The GBP/USD pair is trading in a stronger tone around 1.3305 during the early European session on Wednesday. The US dollar fell against the British pound, as the US Federal Reserve is widely expected to announce another interest rate cut on Wednesday. The UK monthly GDP report will be published later on Friday.
Markets had expected a roughly 90% chance that the US central bank would cut its benchmark overnight interest rate by 25 basis points at the conclusion of its two-day meeting on Wednesday. This will be the third rate cut this year, bringing the target range to 3.50%-3.75%.
However, traders expect a “tight cut” with cautious forward guidance. The Fed will likely signal a pause in early 2026 due to persistent inflation concerns and a still-resilient labor market. This, in turn, could provide some support to the US dollar and create headwinds for the major pair.

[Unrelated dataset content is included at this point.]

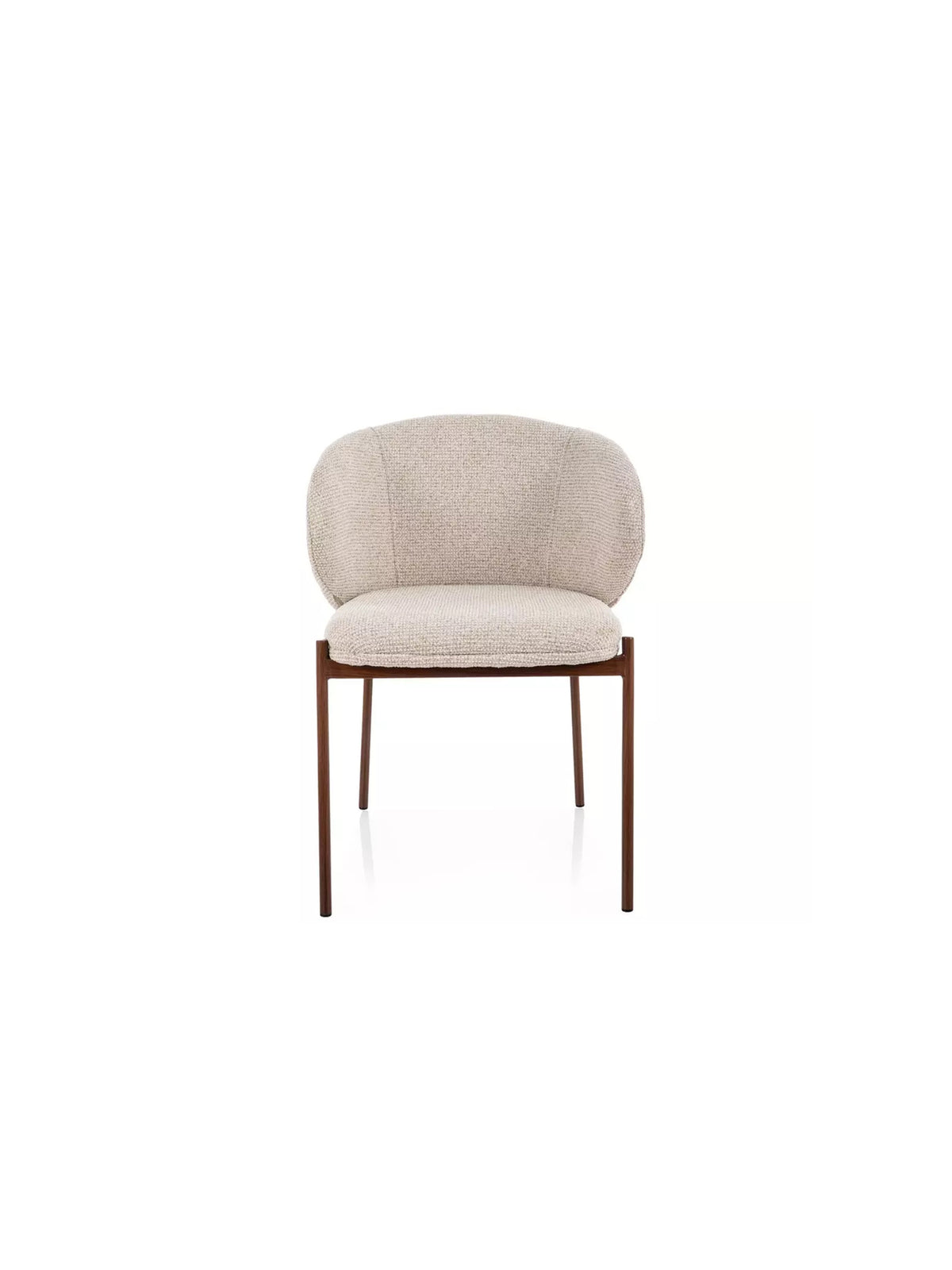 Scaun tapițat Morivo bej deschis, picioare metalice nuc, stil modern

On the sterling front, concerns about rising overall tax levels following the announcement of the UK’s autumn budget, coupled with weak inflation and a cold labor market, add weight to the prospect of further shifts in BoE policy. Financial markets currently expect a high probability of about 88% for a quarter-point cut at the next Bank of England meeting in December after signs from economic data that inflation pressure is easing, according to Reuters.
Frequently asked questions about the pound sterling
The British Pound (GBP) is the oldest currency in the world (886 AD) and the official currency of the United Kingdom. It is the fourth most popular foreign exchange (FX) trading unit in the world, accounting for 12% of all transactions, averaging $630 billion per day, according to data for 2022. The main trading pairs are GBP/USD, also known as “Cable”, which accounts for 11% of FX, GBP/JPY, or “Dragon” as traders know it (3%), and EUR/GBP (2%). The pound sterling is issued by the Bank of England (BoE).
The single most important factor affecting the value of the pound sterling is the monetary policy decided by the Bank of England. The Bank of England bases its decisions on whether it has achieved its primary objective of “price stability” – a stable inflation rate of around 2%. The primary tool for achieving this is adjusting interest rates. When inflation is too high, the Bank of England will try to rein it in by raising interest rates, making it more expensive for individuals and businesses to obtain credit. This is generally positive for the pound, as higher interest rates make the UK a more attractive place for global investors to put their money. When inflation falls to a very low level, it is a sign that economic growth is slowing. In this scenario, the Bank of England would consider lowering interest rates to reduce the cost of credit so that companies borrow more to invest in growth-generating projects.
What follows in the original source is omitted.